In July 2022, the Accreditation Body (“AB”) of the Cybersecurity Maturity Model Certification program (“CMMC”) released a 47-page CMMC Assessment Process guide (“CAP Guide”). The CAP Guide outlines the assessment process for contractors seeking a CMMC level 2 certification, which, as we discussed in earlier posts, is the required certification level for all contractors who expect to receive or store Controlled Unclassified Information (“CUI”).
The CAP Guide has been widely criticized by members of the Defense Industrial Base for being overly complicated and contrary to the Department of Defense’s (“DoD”) stated intention to reduce the complexity and cost of the CMMC program for small businesses. However, assuming it is adopted by the DoD, the CAP Guide includes helpful guidance for contractors that are beginning to prepare for their CMMC level 2 assessment.
First, the CAP Guide explains that CMMC level 2 assessments will be conducted by CMMC Third-Party Assessment Organizations (“C3PAOs”). Contractors can find “authorized” C3PAOs that are in good standing with the CMMC AB on the AB’s online marketplace. The CMMC AB will only accept assessments from authorized C3PAOs that are in good standing, so it is important to confirm authorization and standing status before beginning the assessment process.
Second, contractors must designate an Assessment Official (“AO”) and Point of Contact (“POC”) for the CMMC assessment. The AO should be the most senior representative of the contractor, who is directly and actively responsible for leading and managing the contractor’s CMMC assessment and who possesses decision-making authority for the contractor. The POC is an individual who provides daily coordination and liaison support between the contractor and the C3PAO assessment team. The CAP Guide makes clear that these individuals are critical for any CMMC level 2 assessment.
Third, contractors should make sure their assessment is properly scoped. The CAP Guide indicates that only those parts of the contractor that are performing DoD contracts and have access to the CUI need to be assessed. While in some cases this could require the entire organization to be assessed, oftentimes only a subsidiary, division, or operating component of the contractor organization requires the assessment. Similarly, contractors must ensure that they do not exclude third-party resources from the assessment. Contractors should inform their C3PAOs of any third-party personnel, procedures, or technologies that the contractor relies on in performing its DoD contracts.
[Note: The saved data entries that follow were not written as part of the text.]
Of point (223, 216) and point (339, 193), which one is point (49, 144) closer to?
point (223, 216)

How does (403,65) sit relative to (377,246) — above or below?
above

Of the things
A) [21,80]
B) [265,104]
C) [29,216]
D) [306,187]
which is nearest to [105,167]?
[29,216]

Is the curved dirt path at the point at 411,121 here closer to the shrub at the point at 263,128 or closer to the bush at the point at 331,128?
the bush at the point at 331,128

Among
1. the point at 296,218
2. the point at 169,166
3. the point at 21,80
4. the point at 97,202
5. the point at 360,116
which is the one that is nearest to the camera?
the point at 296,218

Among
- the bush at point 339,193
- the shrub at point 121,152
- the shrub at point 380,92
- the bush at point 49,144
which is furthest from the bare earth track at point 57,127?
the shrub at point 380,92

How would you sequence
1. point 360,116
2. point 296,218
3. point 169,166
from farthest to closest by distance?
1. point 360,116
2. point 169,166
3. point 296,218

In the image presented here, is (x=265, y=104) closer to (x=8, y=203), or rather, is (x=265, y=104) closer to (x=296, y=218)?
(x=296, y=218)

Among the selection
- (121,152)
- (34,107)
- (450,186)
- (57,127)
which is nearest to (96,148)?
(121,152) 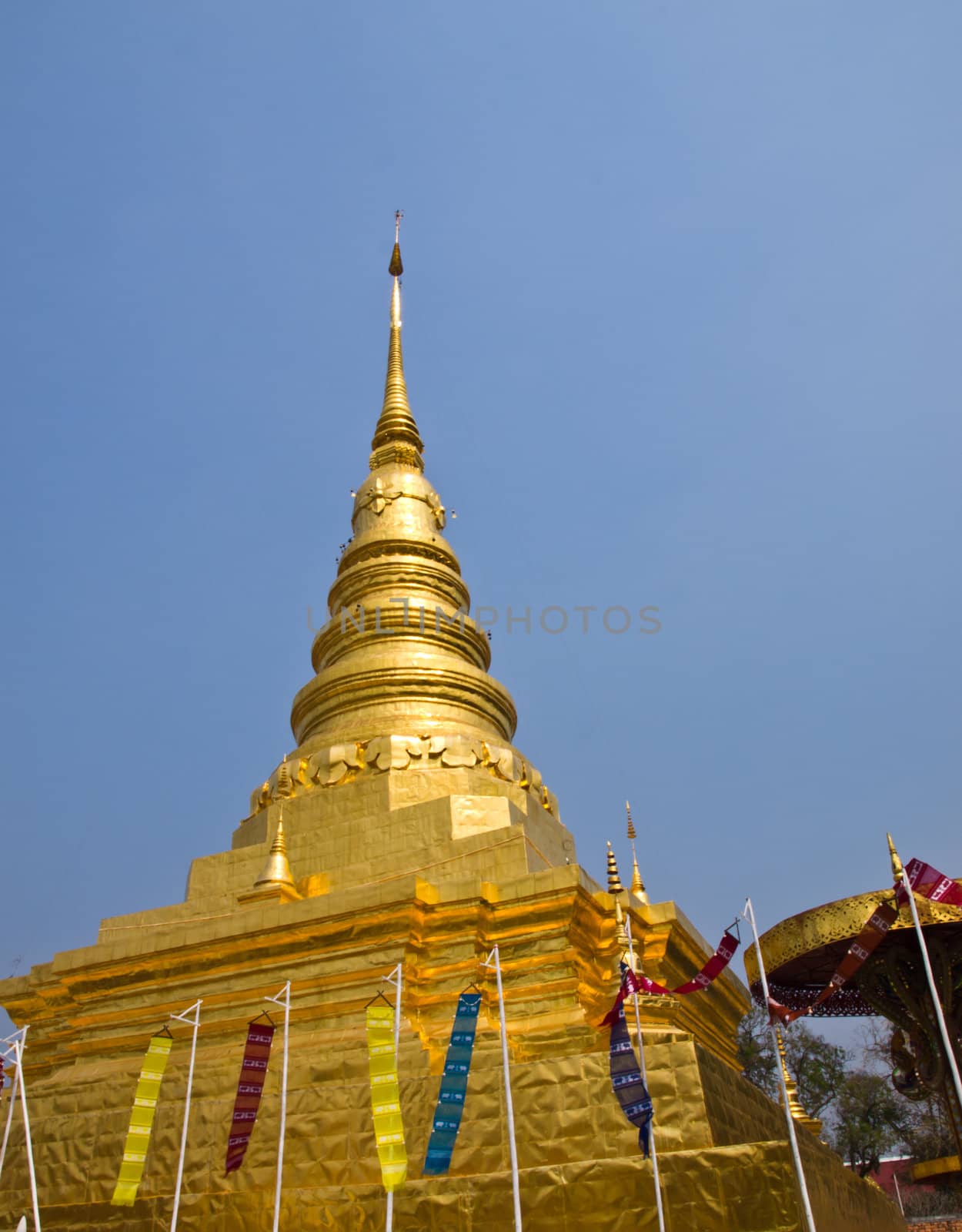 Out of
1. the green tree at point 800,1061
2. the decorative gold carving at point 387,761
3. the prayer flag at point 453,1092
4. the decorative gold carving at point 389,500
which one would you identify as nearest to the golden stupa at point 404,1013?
the decorative gold carving at point 387,761

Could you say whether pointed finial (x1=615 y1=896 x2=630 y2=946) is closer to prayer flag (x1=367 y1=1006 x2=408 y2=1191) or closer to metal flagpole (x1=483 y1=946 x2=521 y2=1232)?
metal flagpole (x1=483 y1=946 x2=521 y2=1232)

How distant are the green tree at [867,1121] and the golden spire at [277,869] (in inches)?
1085

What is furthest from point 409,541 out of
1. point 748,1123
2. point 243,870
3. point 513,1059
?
point 748,1123

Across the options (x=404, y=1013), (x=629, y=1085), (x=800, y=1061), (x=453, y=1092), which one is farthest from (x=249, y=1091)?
(x=800, y=1061)

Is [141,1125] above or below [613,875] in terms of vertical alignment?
below

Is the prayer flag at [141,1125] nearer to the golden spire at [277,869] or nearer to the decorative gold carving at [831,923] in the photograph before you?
the golden spire at [277,869]

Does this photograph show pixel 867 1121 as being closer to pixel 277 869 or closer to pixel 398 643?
pixel 398 643

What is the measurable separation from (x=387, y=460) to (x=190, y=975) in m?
14.1

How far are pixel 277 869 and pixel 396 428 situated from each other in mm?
13418

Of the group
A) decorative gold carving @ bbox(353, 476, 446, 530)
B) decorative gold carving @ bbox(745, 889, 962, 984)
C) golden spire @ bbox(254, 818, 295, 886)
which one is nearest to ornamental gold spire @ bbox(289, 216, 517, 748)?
decorative gold carving @ bbox(353, 476, 446, 530)

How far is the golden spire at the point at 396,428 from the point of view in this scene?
82.1ft

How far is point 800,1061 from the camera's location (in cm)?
3472

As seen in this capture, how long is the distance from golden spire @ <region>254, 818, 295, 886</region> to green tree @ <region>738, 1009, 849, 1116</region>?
22.7 meters

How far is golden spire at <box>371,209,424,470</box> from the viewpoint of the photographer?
25.0 m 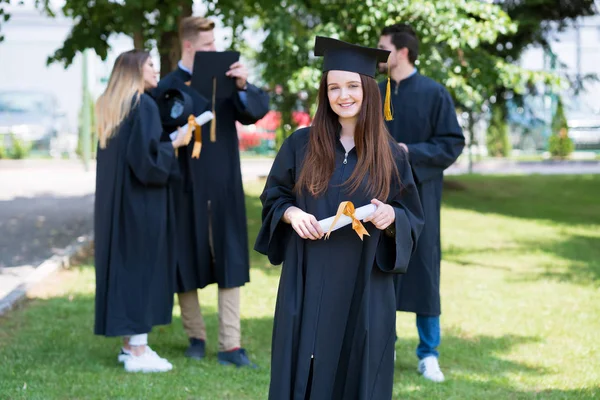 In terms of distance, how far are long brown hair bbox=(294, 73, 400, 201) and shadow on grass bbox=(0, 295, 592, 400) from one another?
2.07 m

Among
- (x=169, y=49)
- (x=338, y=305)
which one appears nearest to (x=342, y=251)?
(x=338, y=305)

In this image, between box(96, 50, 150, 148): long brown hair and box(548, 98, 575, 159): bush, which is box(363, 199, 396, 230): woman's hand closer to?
box(96, 50, 150, 148): long brown hair

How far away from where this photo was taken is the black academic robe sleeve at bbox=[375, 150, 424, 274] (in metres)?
4.15

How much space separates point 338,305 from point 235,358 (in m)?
2.56

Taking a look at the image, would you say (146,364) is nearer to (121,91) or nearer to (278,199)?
(121,91)

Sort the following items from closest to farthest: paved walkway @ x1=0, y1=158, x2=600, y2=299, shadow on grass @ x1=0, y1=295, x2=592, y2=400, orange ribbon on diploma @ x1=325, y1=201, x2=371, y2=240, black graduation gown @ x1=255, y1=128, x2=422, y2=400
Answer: orange ribbon on diploma @ x1=325, y1=201, x2=371, y2=240, black graduation gown @ x1=255, y1=128, x2=422, y2=400, shadow on grass @ x1=0, y1=295, x2=592, y2=400, paved walkway @ x1=0, y1=158, x2=600, y2=299

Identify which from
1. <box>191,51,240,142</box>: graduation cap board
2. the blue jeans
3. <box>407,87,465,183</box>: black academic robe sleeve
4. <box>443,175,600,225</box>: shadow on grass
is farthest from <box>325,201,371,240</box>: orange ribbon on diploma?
<box>443,175,600,225</box>: shadow on grass

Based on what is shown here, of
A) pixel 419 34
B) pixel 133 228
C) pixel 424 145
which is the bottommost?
pixel 133 228

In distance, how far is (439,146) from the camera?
19.9 feet

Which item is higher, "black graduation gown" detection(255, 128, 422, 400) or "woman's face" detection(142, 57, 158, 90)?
"woman's face" detection(142, 57, 158, 90)

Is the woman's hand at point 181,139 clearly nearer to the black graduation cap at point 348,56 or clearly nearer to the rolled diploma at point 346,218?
the black graduation cap at point 348,56

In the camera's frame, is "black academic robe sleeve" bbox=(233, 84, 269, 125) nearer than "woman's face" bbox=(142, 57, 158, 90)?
No

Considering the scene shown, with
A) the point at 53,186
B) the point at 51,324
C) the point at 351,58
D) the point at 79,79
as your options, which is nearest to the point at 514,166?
the point at 53,186

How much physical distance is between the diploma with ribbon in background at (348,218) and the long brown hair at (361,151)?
0.18 metres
By accurately scoping the assessment, contractors can be more confident in the accuracy of their assessment, while reducing the risk that they are over- or under-assessed.
Fourth, contractors should be prepared to negotiate. The CMMC AB does not expect all C3PAOs to offer the same assessment package at the same price. Instead, contractors and C3PAOs are given latitude as to how and when an assessment engagement is structured and executed, as well as to the specific terms and conditions of the contractual agreement, including pricing and payment considerations.
While the Defense Industrial Base is still waiting for final CMMC rules from DoD, contractors who will need a CMMC level 2 certification can begin taking these steps to ensure that they are ready for their assessment as soon as those rules are finalized.